What he saw instead was a small apartment. After the bombing, he had moved out of the military accommodation he shared with his family and given up everything that went with it — though there was no way he would have been able to face staying in that place without them even if he had carried on in the Regiment. Instead he had moved into this one-bedroom ex-council flat several floors up that had little to recommend it other than cheapness and the fact it was close to the churchyard.

It was a bland place, with none of those little things that turn a house into a home, none of the softening touches that a woman's hand can bring. In fact, no woman had been in this place since he moved in — not for any reason — and it showed. Dirty washing-up was piled in the sink, clothes were scattered over the floor, and by the door there was a collection of empty bottles that he knocked over with a curse at least twice a day. There was an empty bottle by the sofa on which he had crashed, too. He drank vodka from time to time to numb the pain, but there was a down side. The more he drank, the more vivid were his dreams. Night after night he was forced to relive with crystal clarity the horror of that Christmas shopping trip two years ago; night after night his family were brutally taken from him yet again.
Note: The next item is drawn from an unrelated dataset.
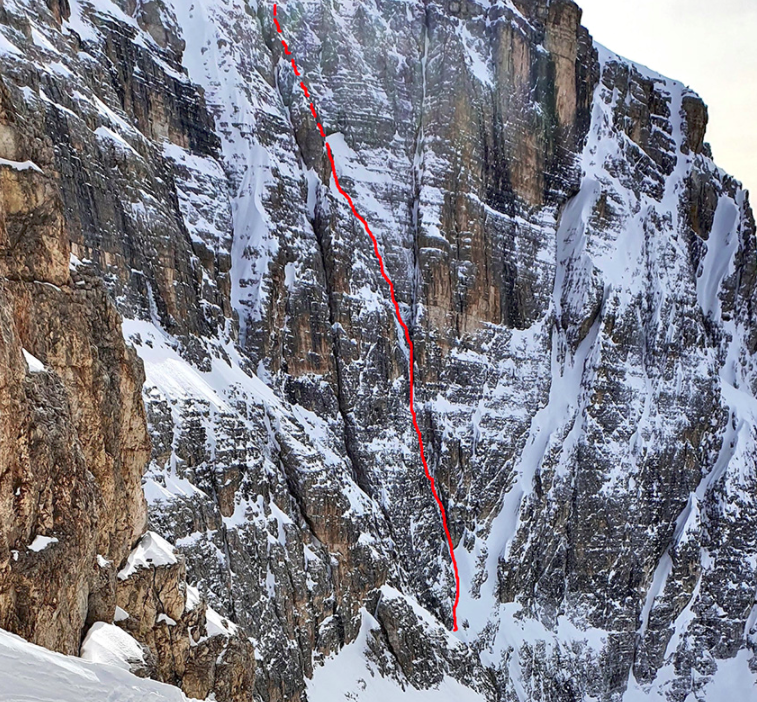 via arrampicata phoenix al monte popera dolomiti di sesto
He pushed himself to his feet and immediately regretted it as a wave of alcohol-induced nausea surged through him. He retched, then ran to the bathroom where he vomited a thin, putrid liquid into the toilet, before resting his back against the bath, head in hands as he waited for the cracking pain in his skull to go away.

Two years. They said the pain would go away and he had believed them. Christ, he'd lost enough people over the years — friends, colleagues — so many that he'd lost count. But they were different. Soldiers always know that death is a possibility. He'd killed enough enemy targets in Afghanistan, Iraq, Sudan and Pakistan to accept that there would always be casualties on both sides. But a mother and her daughter. In London. At Christmas. That you didn't expect. And the pain couldn't be healed with a Regiment funeral and a few beers in the mess afterwards.